Ce n’est pas un hasard si ce nouvel album du trio composé du guitariste-chanteur Matt Bellamy, du bassiste Chris Wolstenholme et du batteur Dominic Howard donne des airs de déjà-entendu. Dans une entrevue récente, Bellamy a présenté Will of the People comme « un album de grands succès – mais avec de nouvelles chansons ». Je ne sais pas si l’objectif était de faire un cadeau aux fans de longue date. Muse compte sur une armée de fidèles supporteurs, et je ne doute pas qu’ils/elles y trouveront leur compte. Mais soyons clairs : il n’y a absolument rien ici qui arrive même à la cheville d’Origin of Symmetry, Absolution ou de Black Holes and Revelations.
On me dira que je ne devrais pas juger Will of the People à la lumière des meilleurs albums de la formation. Je veux bien, mais quand Muse décide de faire dans l’auto-caricature, le choix s’impose de lui-même. Et « caricature » est le bon terme. En effet, Bellamy et ses amis nous offrent ici un éventail des styles ayant marqué leur carrière (l’alternatif à tendance emo, le néo-prog, l’électro-rock d’aréna) mais avec les traits grossis, comme un dessin qui exagère nos défauts pour s’en moquer.

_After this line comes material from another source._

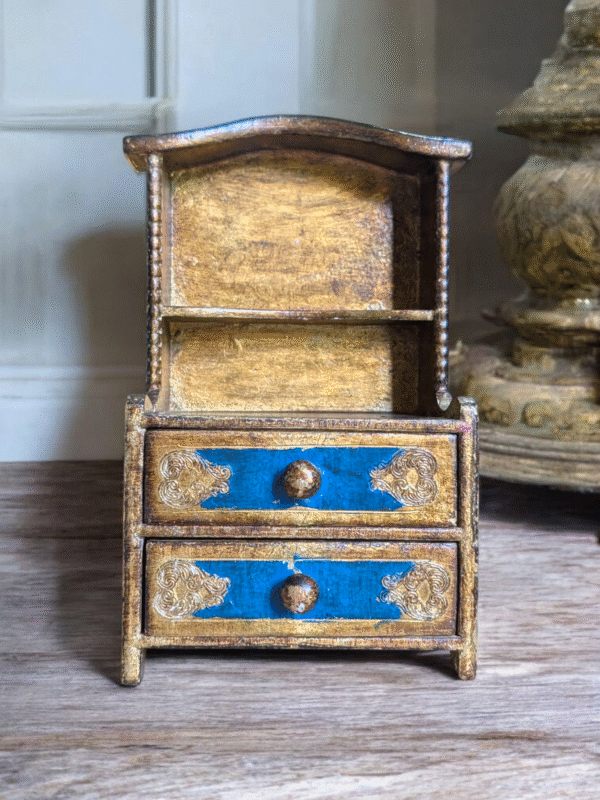 Florentine Vintage Miniature Chest - Image 2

Encore une fois, Muse enrobe ses chansons d’un vague concept dystopique censé donner une cohérence à l’album. Ça démarre avec la pièce-titre, qui rappelle Uprising de l’album The Resistance (2009) autant par sa rythmique que son texte sur l’idée d’un soulèvement populaire. C’est très racoleur, avec des chœurs assourdissants et un riff à la Black Keys, mais ça demeure une des chansons les moins fades du lot, même si le refrain semble provenir de Beautiful People de Marilyn Manson.
Ailleurs, on a droit à un ramassis de clichés musicaux qui font immanquablement penser à autre chose. Il y a l’opératique Liberation, sur laquelle Muse nous refait le coup d’une chanson à la Bohemian Rhapsody, ou l’insupportable Won’t Stand Down, qui relève le défi de sonner à la fois comme du Imagine Dragons et Dream Theater. La ballade sentimentale Ghosts (How Can I Move On) passe encore, mais la pseudo-épique Euphoria est un fouillis total, avec des références à Donna Summer et au pop-punk du début des années 2000. Pour les nostalgiques, il y a aussi la quasi-metal Kill or Be Killed, qui rappelle Assassin sur Black Holes and Revelations.

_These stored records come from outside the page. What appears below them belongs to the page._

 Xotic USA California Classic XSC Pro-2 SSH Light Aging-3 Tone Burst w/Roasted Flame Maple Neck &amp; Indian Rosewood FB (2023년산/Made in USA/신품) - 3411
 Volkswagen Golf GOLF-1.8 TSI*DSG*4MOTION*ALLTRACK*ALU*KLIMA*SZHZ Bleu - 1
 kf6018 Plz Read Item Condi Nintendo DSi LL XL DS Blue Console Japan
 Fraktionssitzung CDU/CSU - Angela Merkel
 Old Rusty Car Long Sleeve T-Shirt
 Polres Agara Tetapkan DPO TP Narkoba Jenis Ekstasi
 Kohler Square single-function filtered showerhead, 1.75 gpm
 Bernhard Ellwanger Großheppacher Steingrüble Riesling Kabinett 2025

Étonnamment, la meilleure chanson de Will of the People est aussi la plus over-the-top. Évoquant une esthétique théâtrale à la Thriller de Michael Jackson, avec même une citation de la Toccate et fugue de Jean-Sébastien Bach, You Make Me Feel Like It’s Halloween est un délirant plaisir coupable, comme un film d’action à la Fast and the Furious qu’on dévore avec un gros sac de pop-corn chez Guzzo.
Muse peut se compter chanceux d’avoir lancé l’infâme Drones en 2015. En effet, on doute que le trio puisse redescendre aussi bas un jour. Will of the People ne vole pas beaucoup plus haut, mais il a au moins l’avantage de faire sourire…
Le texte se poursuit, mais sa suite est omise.